== Task statement ==
Every line below from the one containing "ネスティングドールパーソナライズされたマトリョーシカ枕 クッション (裏面)" through the one containing "Silk scarf shoulder portable bucket bag" is to be printed exactly, with the pictures omitted.
BEGIN Given records
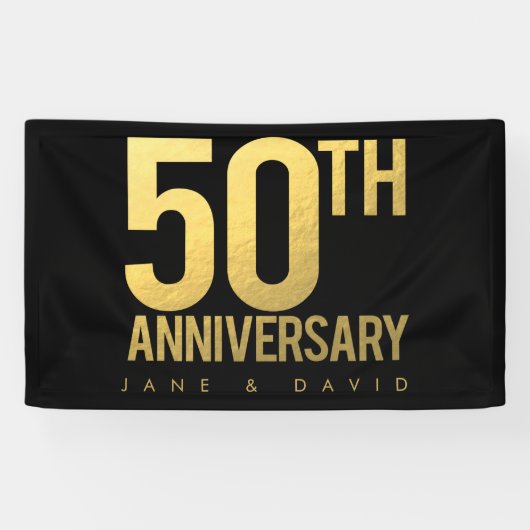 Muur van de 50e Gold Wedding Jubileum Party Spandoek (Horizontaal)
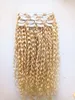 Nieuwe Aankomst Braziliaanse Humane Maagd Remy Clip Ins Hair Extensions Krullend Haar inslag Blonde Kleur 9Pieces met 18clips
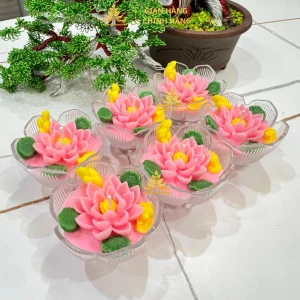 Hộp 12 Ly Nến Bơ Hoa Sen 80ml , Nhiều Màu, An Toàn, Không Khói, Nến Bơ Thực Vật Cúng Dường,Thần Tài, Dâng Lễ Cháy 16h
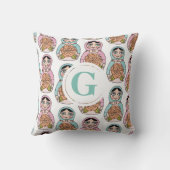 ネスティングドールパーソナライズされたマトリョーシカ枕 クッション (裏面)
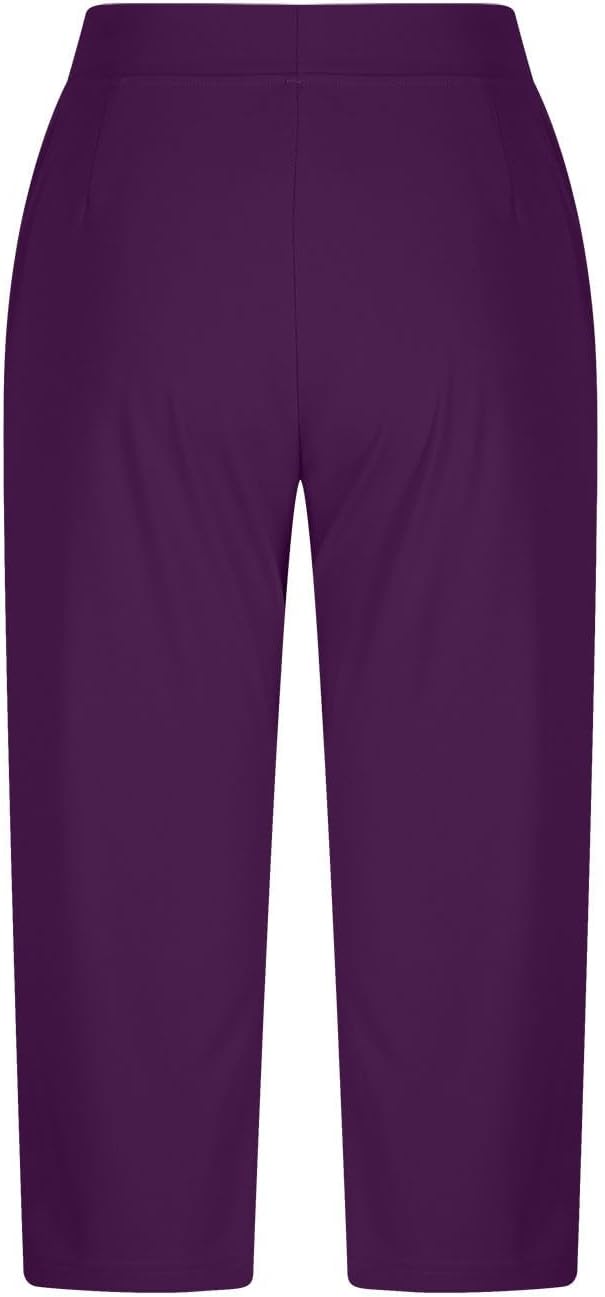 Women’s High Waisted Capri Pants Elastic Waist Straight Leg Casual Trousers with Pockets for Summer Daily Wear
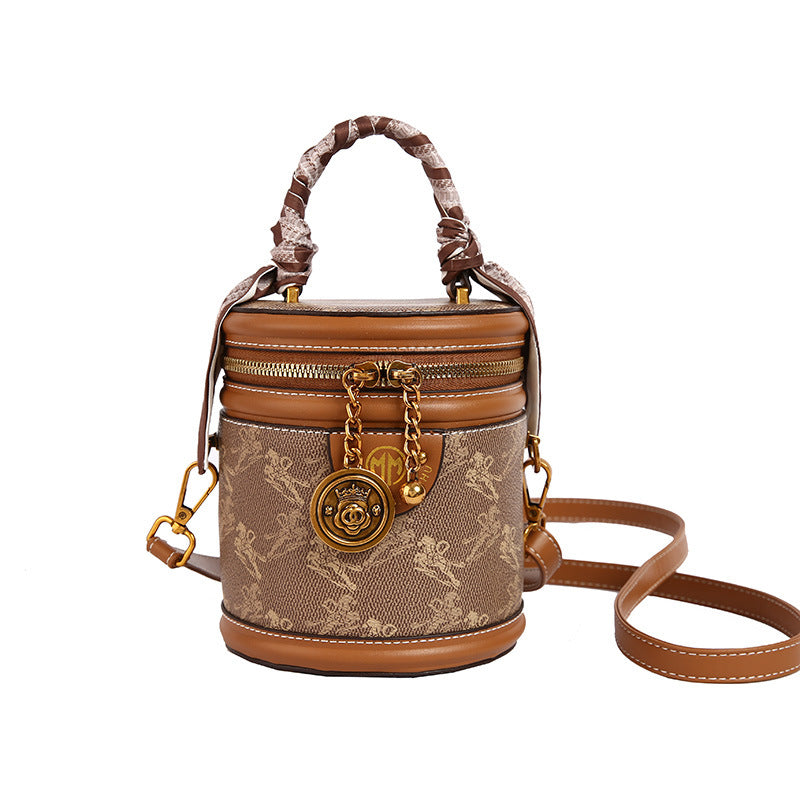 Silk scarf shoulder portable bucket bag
END Given records
BEGIN Given records
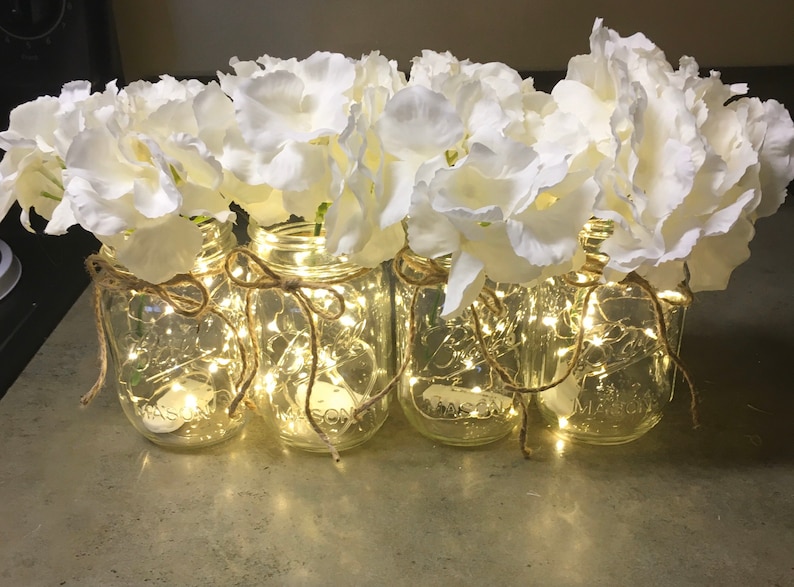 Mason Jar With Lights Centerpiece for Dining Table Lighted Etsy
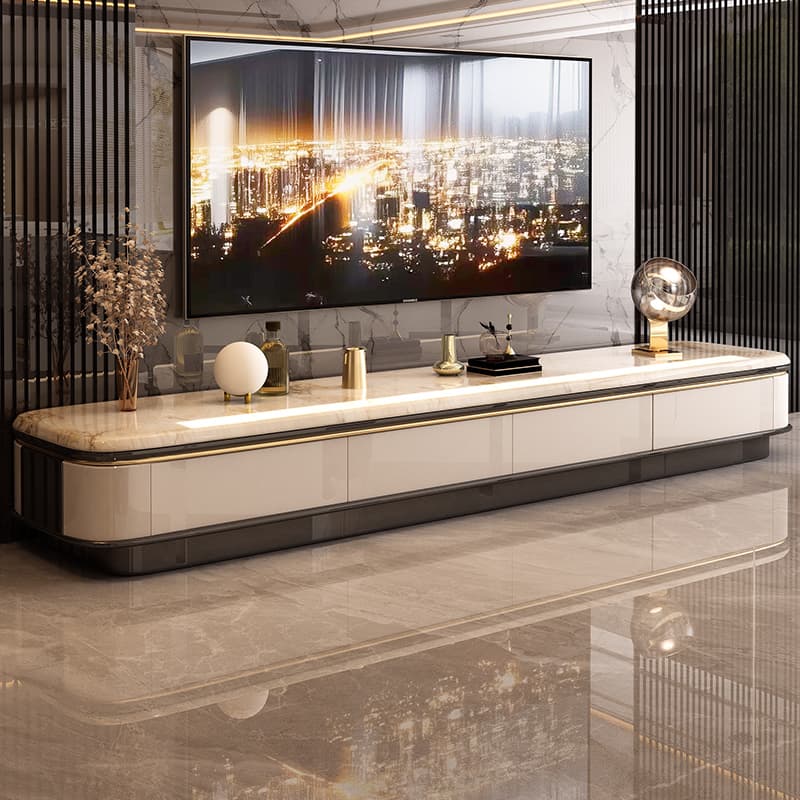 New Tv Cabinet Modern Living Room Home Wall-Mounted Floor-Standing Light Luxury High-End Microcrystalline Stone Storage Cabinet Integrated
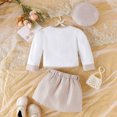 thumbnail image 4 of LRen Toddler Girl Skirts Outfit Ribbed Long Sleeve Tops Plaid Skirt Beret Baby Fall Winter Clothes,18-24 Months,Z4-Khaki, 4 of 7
END Given records
BEGIN Given records
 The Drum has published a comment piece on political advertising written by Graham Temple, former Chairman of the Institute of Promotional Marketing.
END Given records
== Task result ==
 ネスティングドールパーソナライズされたマトリョーシカ枕 クッション (裏面)
 Women’s High Waisted Capri Pants Elastic Waist Straight Leg Casual Trousers with Pockets for Summer Daily Wear
 Silk scarf shoulder portable bucket bag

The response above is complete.